Brief | Leave every picture out and give back the lines below from the first through the line that holds "Aqua Tofana Aqua", exactly as written.

#### Provided information ####

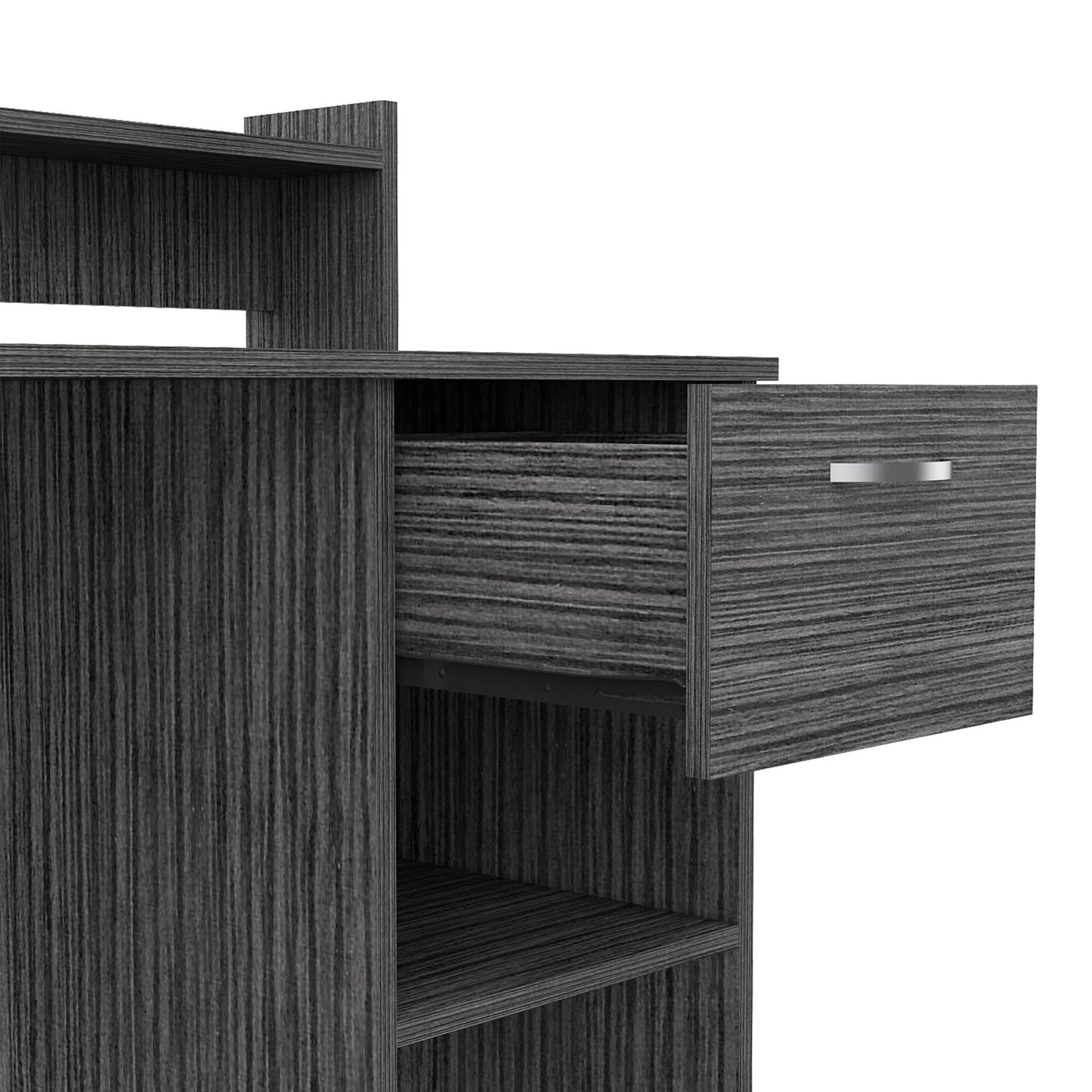 Charlotte Computer Desk with 2 Storage Shelves and Drawer image 7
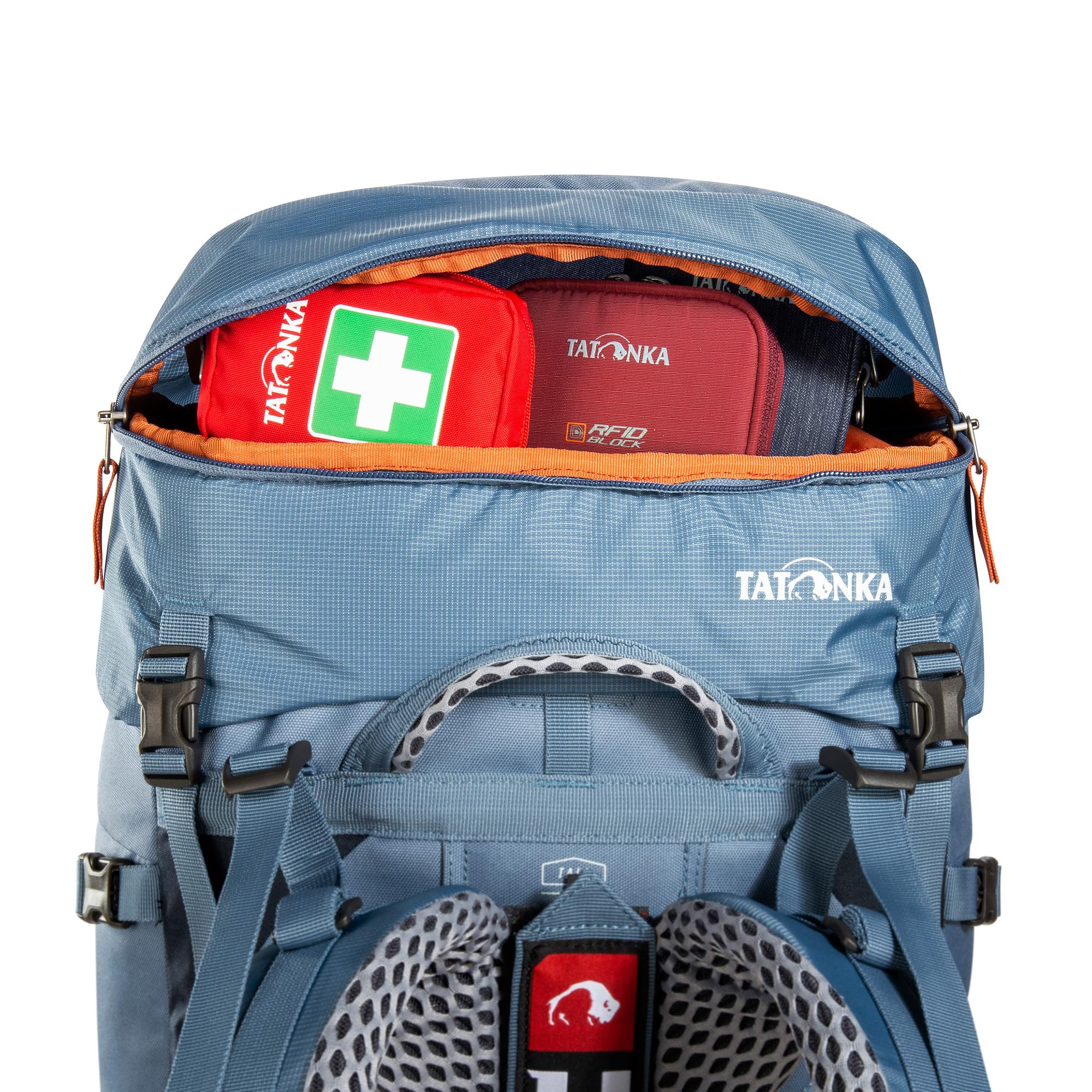 Tatonka Yukon 50+10 Women - Trekkingrucksack für Frauen - Mit Frontzugriff, verstellbarem Rückensystem, extra Bodenfach, Regenhülle und 60 Liter Volumen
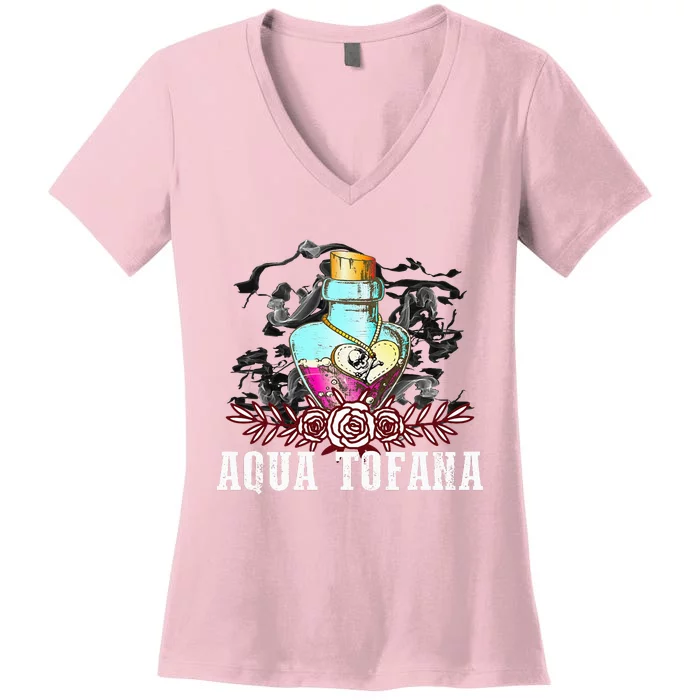 Aqua Tofana Aqua Tofana Bailey Favorites True Crime Lover Women's V-Neck T-Shirt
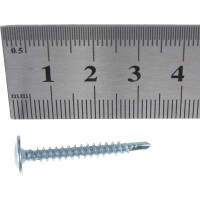 Саморез с прессшайбой Качественный крепеж 4,2х32 сверло 650 шт 1000349 КЧ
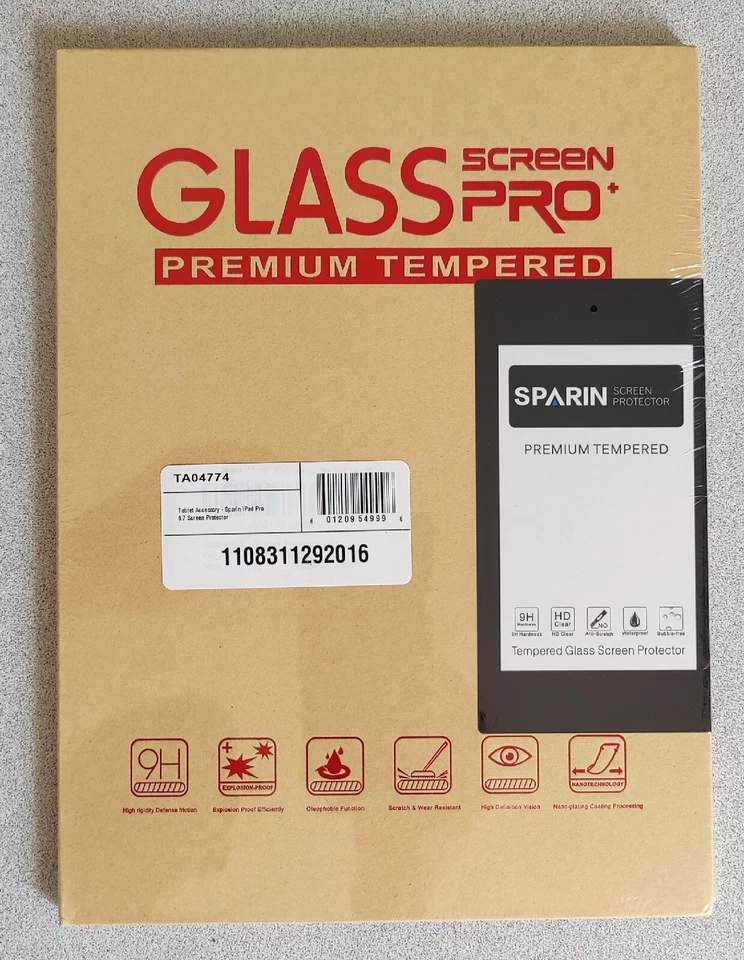 3Pack Premium Tempered Glass Screen Protector for Apple iPad Pro 9.7, Air 2, Air - Image 4 of 4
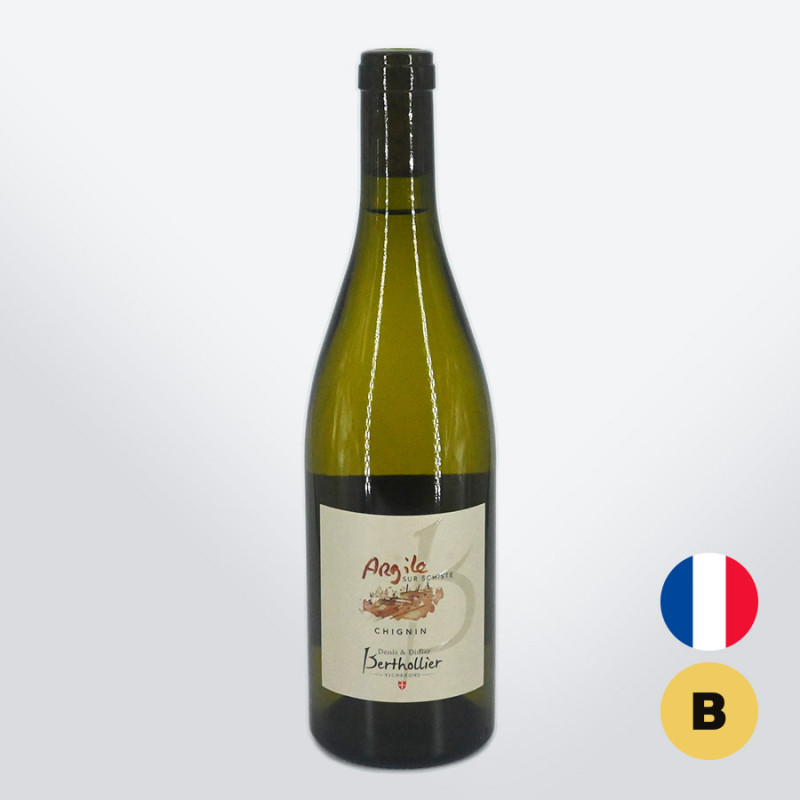 "Argile sur schiste" 2021 - Domaine Berthollier - Vin de Savoie Chignin blanc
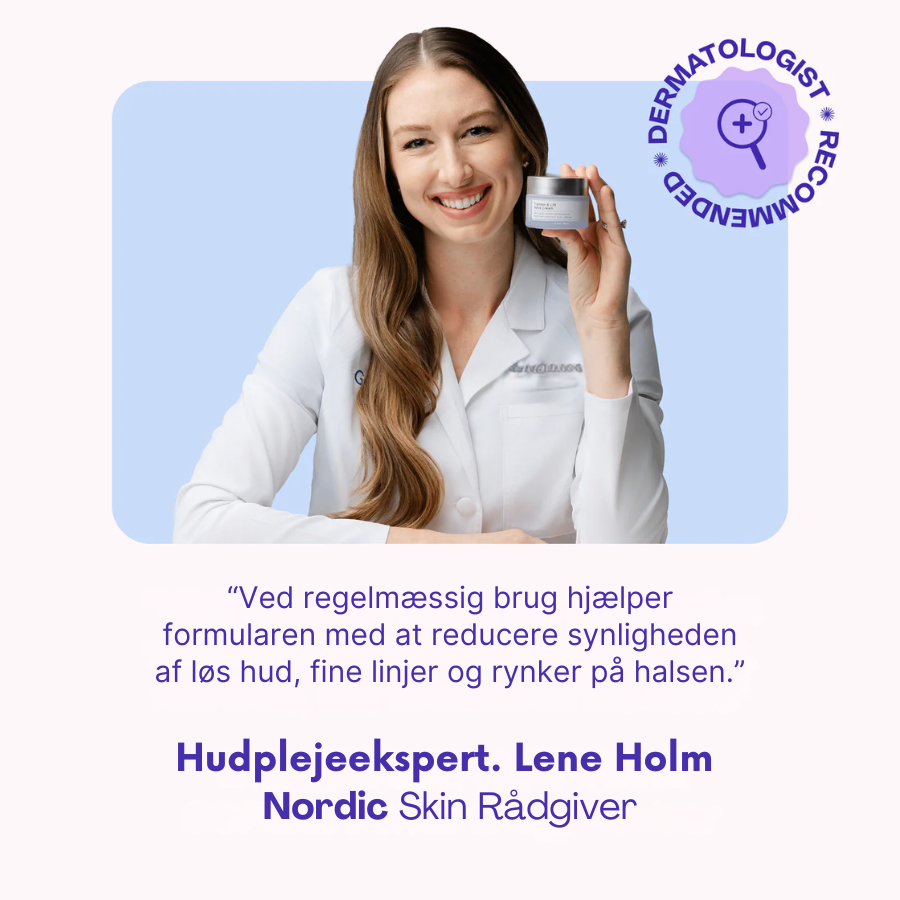 NeckLift™ Firming Cream – Opstrammende Halscreme Mod Slap Hud & Dobbelthage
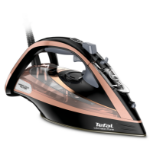 Tefal Ultimate Pure FV9845 Dry & Steam iron Durilium Autoclean soleplate 3100 W Black, Copper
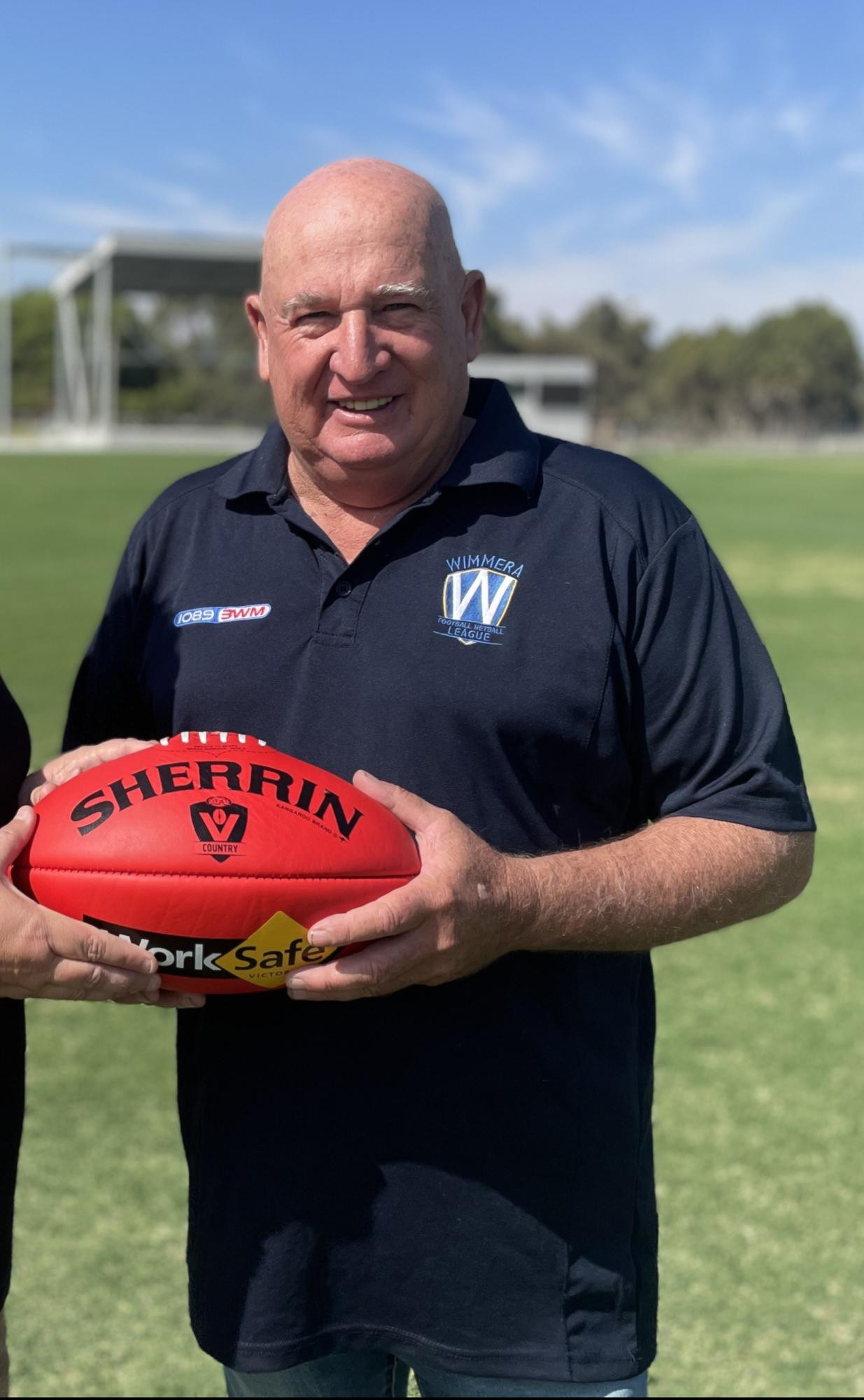WFNL and HDFNL operations manager Jennie French and WFNL chair Peter Ballagh at Horsham City Oval on Friday, February 7. Picture by Lucas Holmes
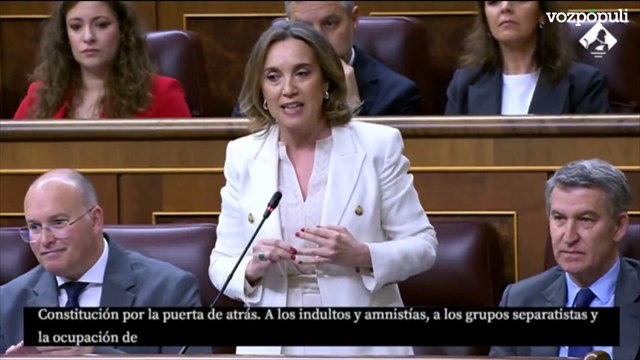 Gamarra (PP): Hasta ahora los separatistas intentaban desconectar Cataluña de España, ahora es el Gobierno cesión tras cesión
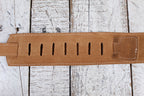 Henry Heller Suede Embroidered Strap - Fox Design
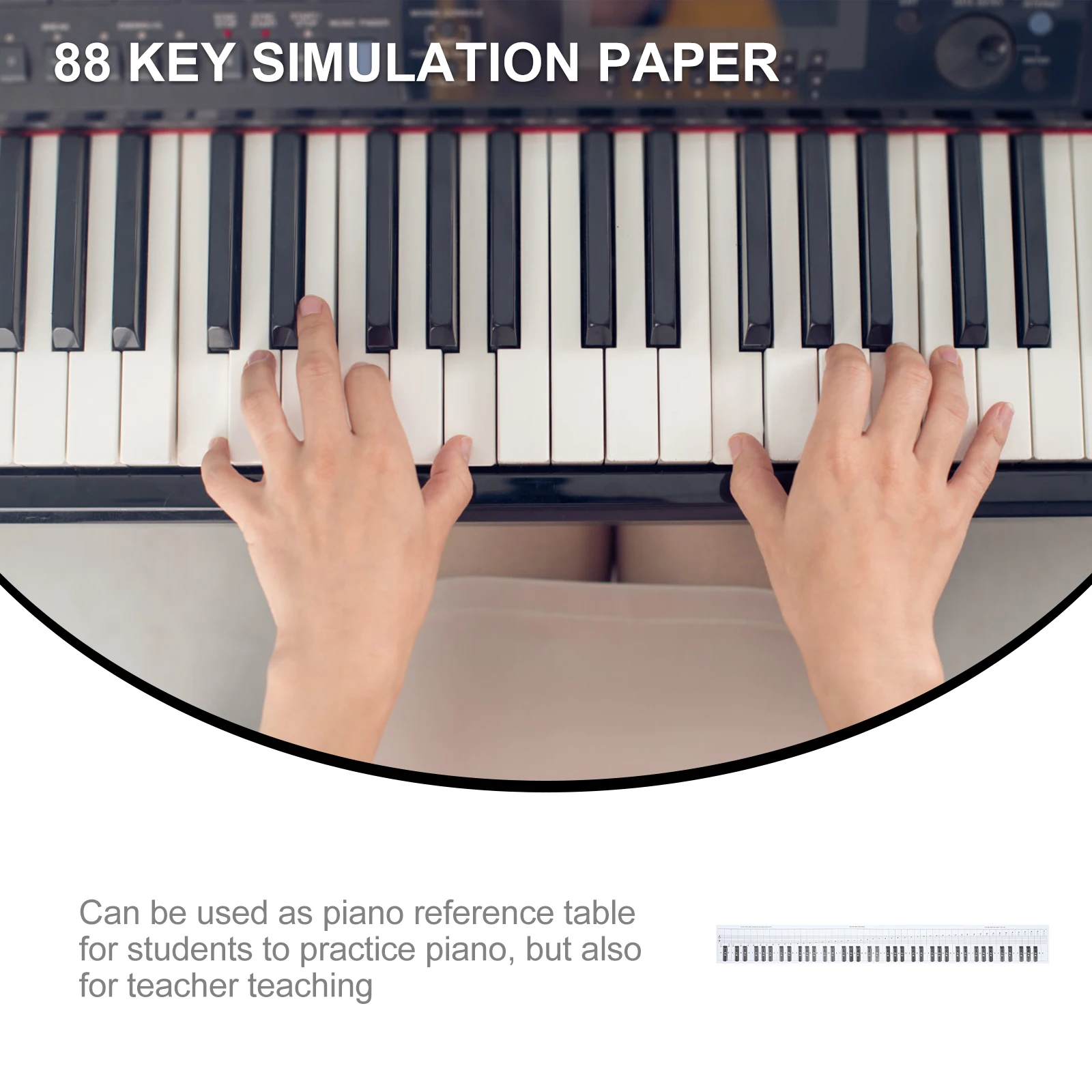 

Piano Keyboard Exercise Paper 88 Keys Chart Practice Aid Standard Coated Comparison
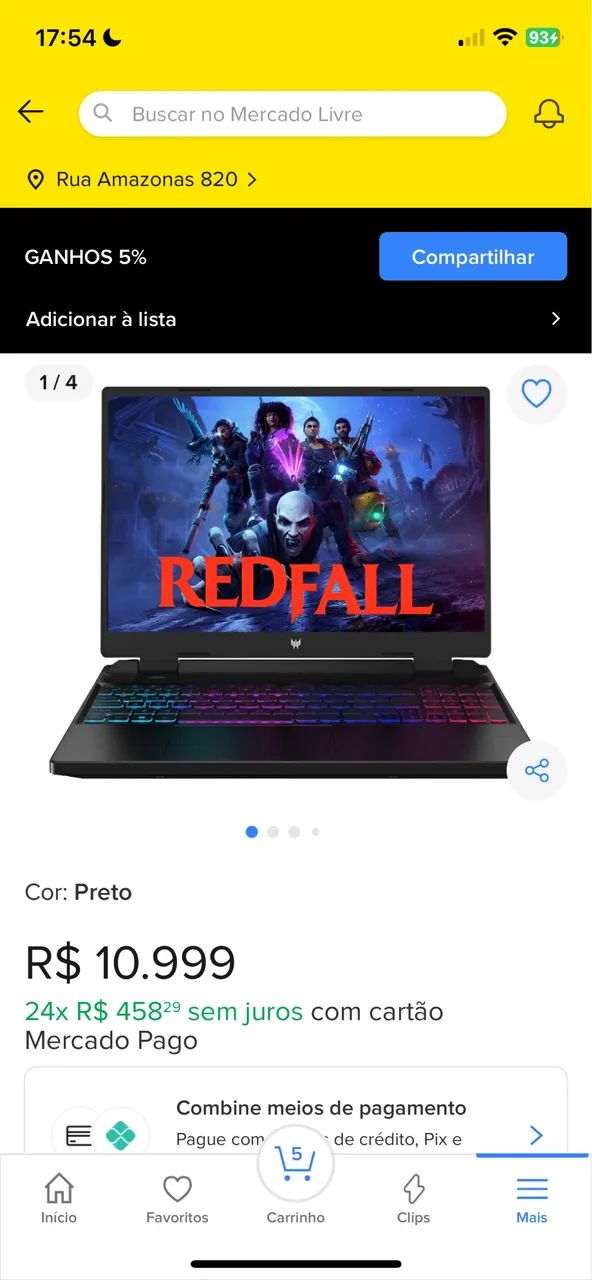 Notebook gamer 64297081841027124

####

Output for this exercise |
 Charlotte Computer Desk with 2 Storage Shelves and Drawer image 7
 Tatonka Yukon 50+10 Women - Trekkingrucksack für Frauen - Mit Frontzugriff, verstellbarem Rückensystem, extra Bodenfach, Regenhülle und 60 Liter Volumen
 Aqua Tofana Aqua Tofana Bailey Favorites True Crime Lover Women's V-Neck T-Shirt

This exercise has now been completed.